Essayez d’imaginer: une puissance mondiale forte avec un poids économique énorme, qui ne craint pas de mener parfois des guerres et gère des conflits commerciaux sur le fil du rasoir. Vous pensez peut-être spontanément aux États-Unis. Mais nous faisions en fait référence à la Grèce antique. À la fin de la guerre du Péloponnèse (vers 400 av. J.-C.), la bataille entre Sparte et Athènes avait poussé les deux superpuissances au bord du gouffre. En désespoir de cause, et par manque d’argent, les autorités ont commencé à fabriquer des pièces de monnaie en métal moins cher (bronze, cuivre) au lieu de pièces en argent. Lles pièces étaient en tous cas pourvues d’une couche extérieure d’argent, afin de conserver leur apparence de valeur. Cependant, des pièces de bronze ont aussi directement été émises. Le blocage par les Spartiates de la route vers d’importantes mines d’argent à Athènes durant la guerre a peut-être aussi joué un rôle.

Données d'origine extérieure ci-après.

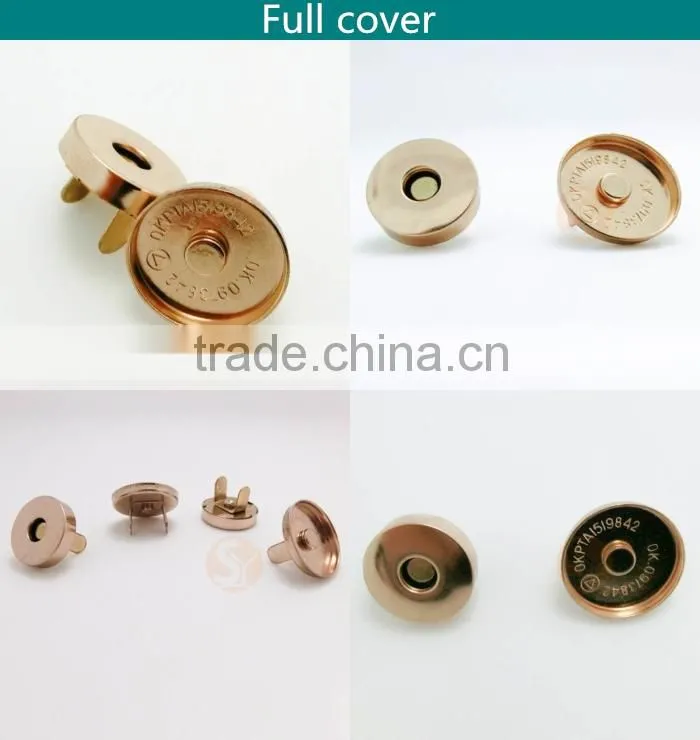 Bags accessories 18mm full cover round metal magnetic snap button gold color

Mais plus tôt aussi, dans de plus petits royaumes et aussi plus tard, nous voyons ces modus operandi se reproduire, encore et encore. La création monétaire (ou assouplissement quantitatif) est un phénomène observé de tout temps. Tout comme dans l’Empire romain, où les bords des pièces étaient légèrement recoupés à chaque fois qu’elles revenaient dans les finances publiques, pour être refondues en ... pièces supplémentaires. La pièce la plus importante des 220 premières années de l’Empire romain était le denier (Denarius), une pièce d’argent à teneur élevée en argent pur (environ 4,5 grammes d’argent). La teneur en argent du denier est passée de 90% en l’an 64 à environ 50% vers l’an 200. En l’an 265, il y avait à peine 0,5% d’argent dans le denier. La couche d’argent s’est déteriorée assez rapidement et a exposé le noyau de bronze presque sans valeur. L’hyperinflation, une perturbation du commerce, le retour du troc, des impôts élevés et une crise financière en ont été les conséquences inévitables.
Les « réformes » fiscales de l’empereur romain Dioclétien étaient si abominables que de nombreux citoyens se sont retrouvés au bord de la faillite et de la famine. Même les veuves et les enfants des débiteurs n’ont pas été épargnés dans une chasse aux sorcières pour récupérer les dettes fiscales en souffrance. Au 4e siècle, l’économie et la structure fiscale romaines avaient tellement déraillé que de nombreux agriculteurs ont quitté leur ferme et l'ont échangée pour obtenir des allocations de l’État. À l’époque, les autorités dépensaient la majorité de leur budget à des fins militaires, d’une part, et en allocations, d’autre part. Selon certains historiens, à un moment donné, il y avait plus de gens qui vivaient d’allocations que de gens qui payaient des impôts. Par la suite, les impôts ont même encore été augmentés davantage pour les propriétaires terriens et les commerçants, ce qui a finalement conduit certains Romains à se ranger du côté des barbares, contre Rome.